> [Exercise description] Examine each line of the listing below. Copy those in which the string "sale" appears.

> [Record extracts]
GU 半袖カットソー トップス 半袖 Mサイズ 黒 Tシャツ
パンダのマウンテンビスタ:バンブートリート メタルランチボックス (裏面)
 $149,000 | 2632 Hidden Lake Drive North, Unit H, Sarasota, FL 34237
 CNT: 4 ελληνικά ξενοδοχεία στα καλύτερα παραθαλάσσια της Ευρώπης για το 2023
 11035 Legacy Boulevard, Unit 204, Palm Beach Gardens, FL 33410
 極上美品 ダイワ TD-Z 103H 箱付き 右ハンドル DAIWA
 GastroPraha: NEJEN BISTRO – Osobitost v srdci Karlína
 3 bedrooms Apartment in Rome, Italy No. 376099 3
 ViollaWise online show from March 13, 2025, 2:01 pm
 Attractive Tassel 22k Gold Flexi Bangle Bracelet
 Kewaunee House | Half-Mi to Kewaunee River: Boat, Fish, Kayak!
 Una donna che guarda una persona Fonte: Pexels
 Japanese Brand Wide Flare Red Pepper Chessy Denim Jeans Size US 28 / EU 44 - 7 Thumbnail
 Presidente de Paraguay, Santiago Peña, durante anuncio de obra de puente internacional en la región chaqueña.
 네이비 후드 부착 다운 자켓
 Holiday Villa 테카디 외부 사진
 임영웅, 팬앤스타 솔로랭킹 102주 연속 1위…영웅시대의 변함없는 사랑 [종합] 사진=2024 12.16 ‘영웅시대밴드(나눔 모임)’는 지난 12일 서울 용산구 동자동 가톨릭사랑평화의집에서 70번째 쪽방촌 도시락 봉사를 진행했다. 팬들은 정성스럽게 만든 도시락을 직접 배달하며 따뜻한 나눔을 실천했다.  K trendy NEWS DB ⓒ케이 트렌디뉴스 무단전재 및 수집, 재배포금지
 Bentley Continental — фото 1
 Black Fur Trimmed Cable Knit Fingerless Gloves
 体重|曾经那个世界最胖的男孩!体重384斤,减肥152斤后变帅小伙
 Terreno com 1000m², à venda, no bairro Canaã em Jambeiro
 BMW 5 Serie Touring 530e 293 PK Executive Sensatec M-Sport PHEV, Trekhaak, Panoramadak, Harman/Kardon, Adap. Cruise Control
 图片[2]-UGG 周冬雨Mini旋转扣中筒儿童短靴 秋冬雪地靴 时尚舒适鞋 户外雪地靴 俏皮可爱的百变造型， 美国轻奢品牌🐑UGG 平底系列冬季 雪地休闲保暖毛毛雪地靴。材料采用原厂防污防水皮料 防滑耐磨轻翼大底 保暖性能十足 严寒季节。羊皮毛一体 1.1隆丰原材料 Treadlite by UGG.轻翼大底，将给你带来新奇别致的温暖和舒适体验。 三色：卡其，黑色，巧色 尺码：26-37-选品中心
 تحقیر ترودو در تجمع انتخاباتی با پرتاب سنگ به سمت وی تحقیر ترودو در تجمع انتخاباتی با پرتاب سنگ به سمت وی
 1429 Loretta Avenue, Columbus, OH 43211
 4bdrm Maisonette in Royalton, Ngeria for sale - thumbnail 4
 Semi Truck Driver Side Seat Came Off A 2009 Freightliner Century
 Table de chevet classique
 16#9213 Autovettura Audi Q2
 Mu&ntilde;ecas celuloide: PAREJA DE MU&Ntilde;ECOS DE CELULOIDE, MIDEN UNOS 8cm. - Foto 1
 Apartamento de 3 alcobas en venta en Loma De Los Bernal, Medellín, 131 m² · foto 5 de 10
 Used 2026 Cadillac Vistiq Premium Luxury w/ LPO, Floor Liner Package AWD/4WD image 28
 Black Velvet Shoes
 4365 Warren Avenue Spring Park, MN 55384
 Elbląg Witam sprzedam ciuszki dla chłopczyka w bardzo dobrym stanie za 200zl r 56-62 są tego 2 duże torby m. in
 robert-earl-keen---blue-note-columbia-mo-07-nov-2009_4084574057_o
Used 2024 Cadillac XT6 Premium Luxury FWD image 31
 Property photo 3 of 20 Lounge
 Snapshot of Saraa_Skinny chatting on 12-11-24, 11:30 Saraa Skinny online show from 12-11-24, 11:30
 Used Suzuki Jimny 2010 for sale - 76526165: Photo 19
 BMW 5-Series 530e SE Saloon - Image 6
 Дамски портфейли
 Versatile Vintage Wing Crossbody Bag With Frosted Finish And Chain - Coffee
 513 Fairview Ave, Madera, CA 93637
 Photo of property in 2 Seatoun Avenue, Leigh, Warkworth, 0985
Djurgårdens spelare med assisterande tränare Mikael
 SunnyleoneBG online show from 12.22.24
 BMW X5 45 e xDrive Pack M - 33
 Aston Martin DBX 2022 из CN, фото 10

> [Worked solution]
 4bdrm Maisonette in Royalton, Ngeria for sale - thumbnail 4
 Used Suzuki Jimny 2010 for sale - 76526165: Photo 19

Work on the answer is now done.